**Your goal**
Copy out the listing below exactly, please, and skip any pictures.

**Raw data**
######
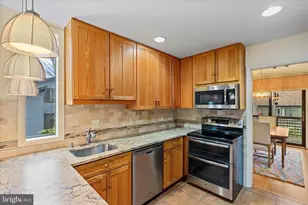 10518 Acacia Ln, Fairfax, VA 22032 - Photo 12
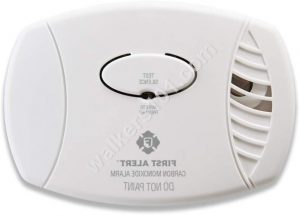 First Alert CO605 Carbon Monoxide Plug-In Alarm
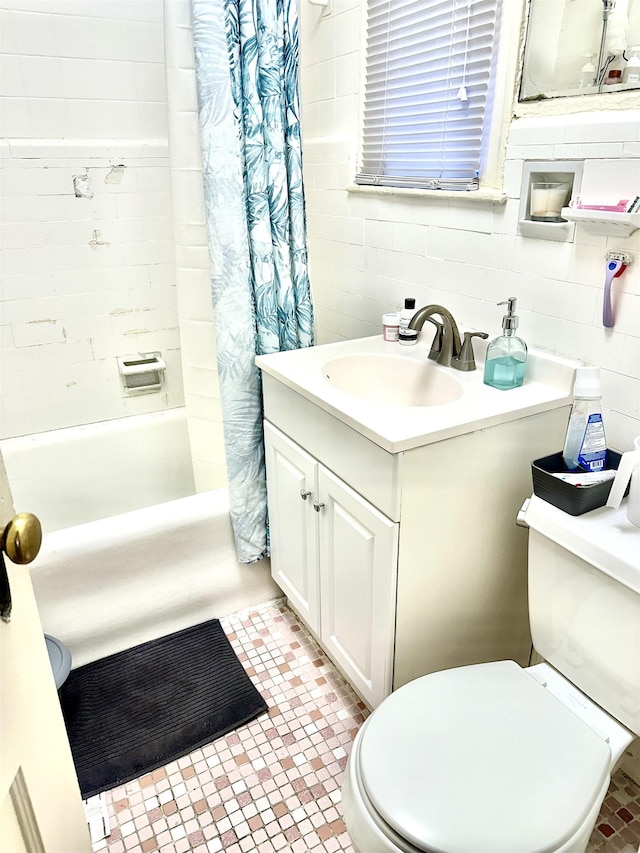 500 New York Ave, Jersey City, NJ 07087 - full bath featuring shower / tub combo and vanity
######
**Response to the exercise**
 10518 Acacia Ln, Fairfax, VA 22032 - Photo 12
 First Alert CO605 Carbon Monoxide Plug-In Alarm
 500 New York Ave, Jersey City, NJ 07087 - full bath featuring shower / tub combo and vanity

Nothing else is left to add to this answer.